Available records:
• • • • •

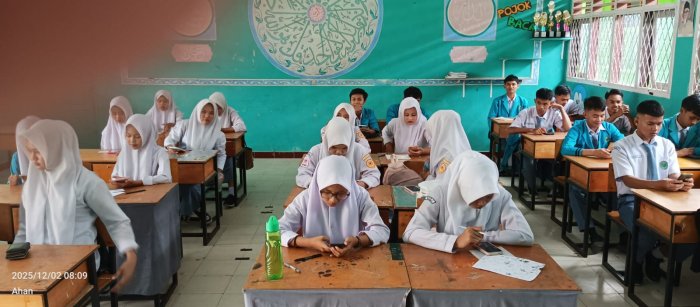 Hari Kedua ASAS Ganjil MAN 1 Bungo Berjalan Tertib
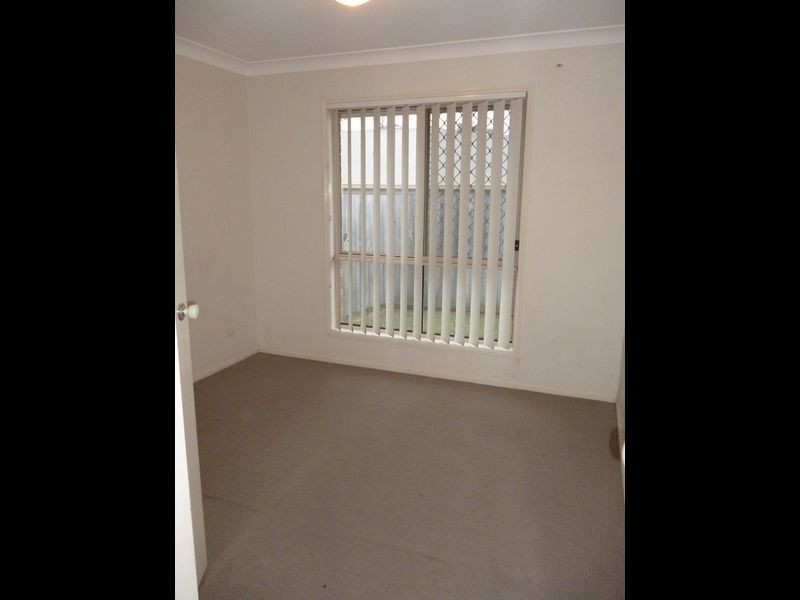 8 Lahore Street, Crestmead QLD 4132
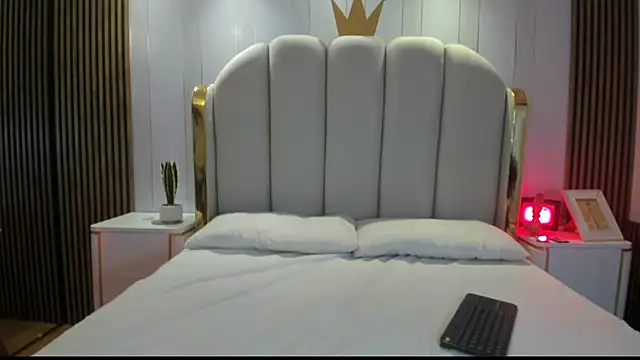 cintya evans online show from March 31, 8:20 pm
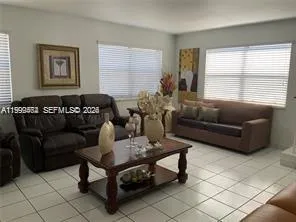 1300 W 53rd St # 19, Hialeah FL 33012
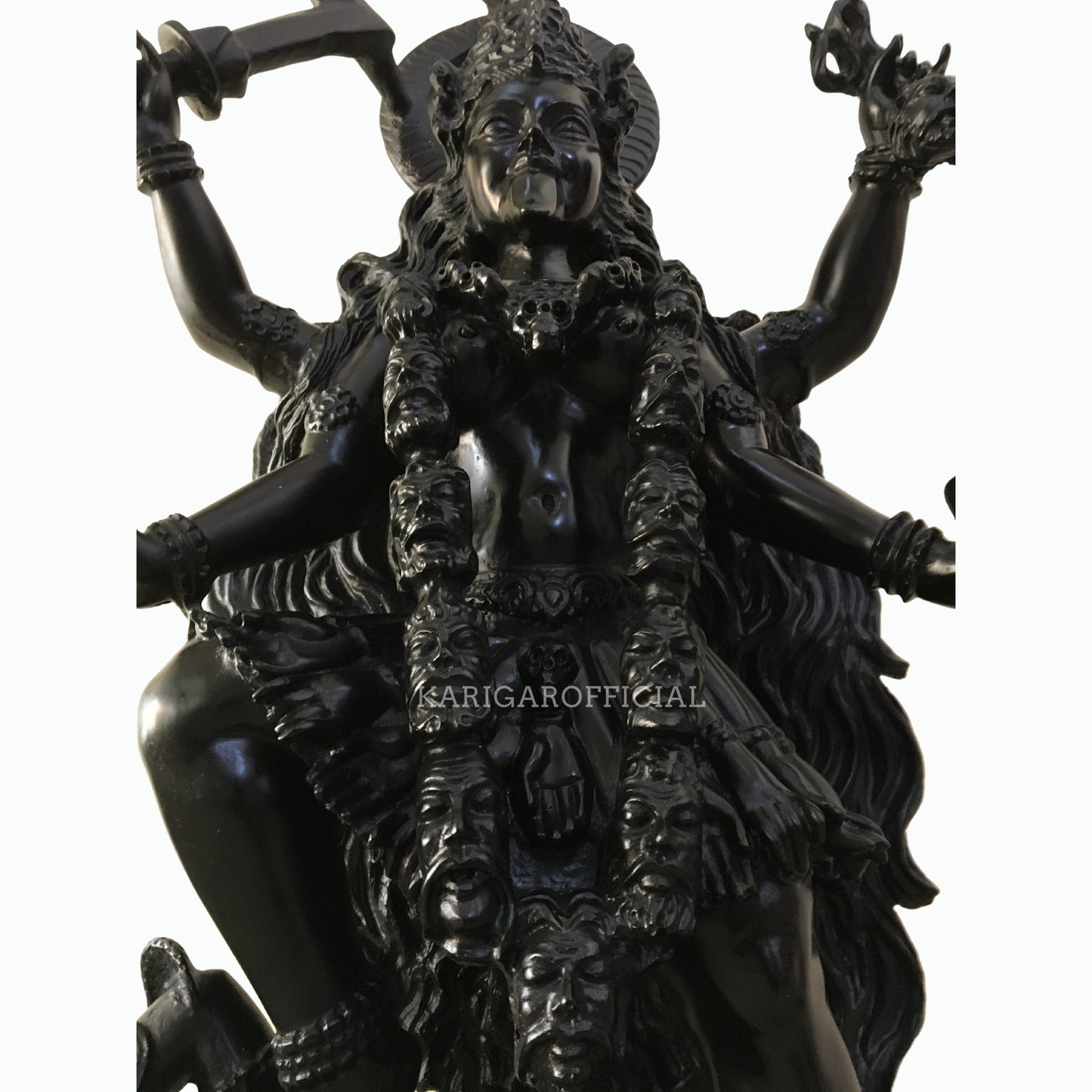 Maa Kali de pie sobre Shiva Estatua negra de Mahakali de 27 pulgadas para el templo del hogar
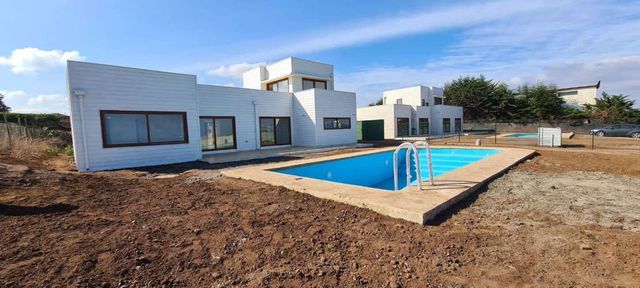 Casa nueva, VISTA AL MAR, Campus del Mar, Punta de Piedra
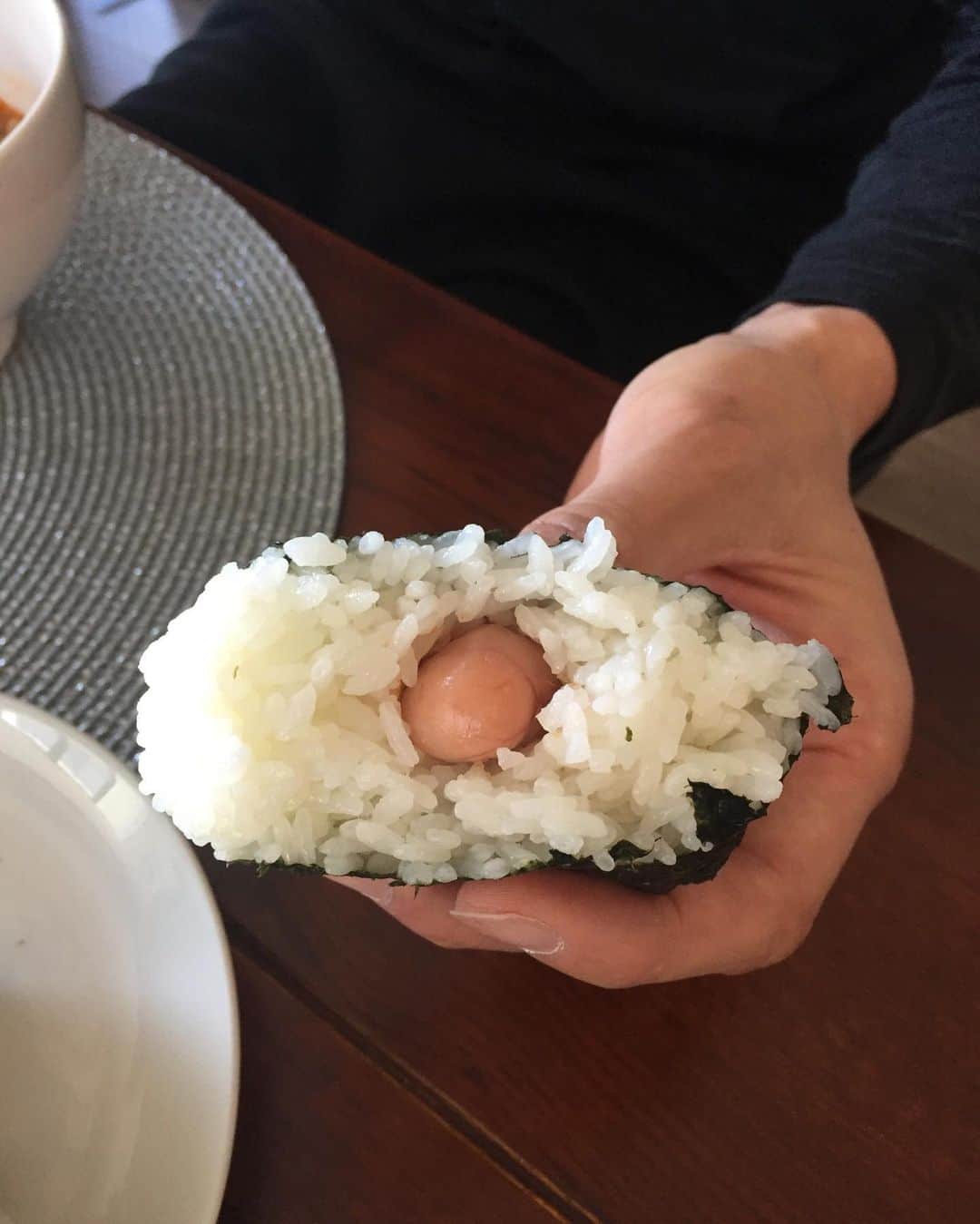 網野友雄のインスタグラム：「お昼に大好きな明太子おにぎり食べてたら、指出てきたと思った！焦ったー！笑 #無着色めんたいこ #おにぎりへの入れ方注意」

• • • • •

Could you set down, exactly as written, every line from the one with "Maa Kali de" to the end of the data, both ends included? Leave out the pictures.

 Maa Kali de pie sobre Shiva Estatua negra de Mahakali de 27 pulgadas para el templo del hogar
 Casa nueva, VISTA AL MAR, Campus del Mar, Punta de Piedra
 網野友雄のインスタグラム：「お昼に大好きな明太子おにぎり食べてたら、指出てきたと思った！焦ったー！笑 #無着色めんたいこ #おにぎりへの入れ方注意」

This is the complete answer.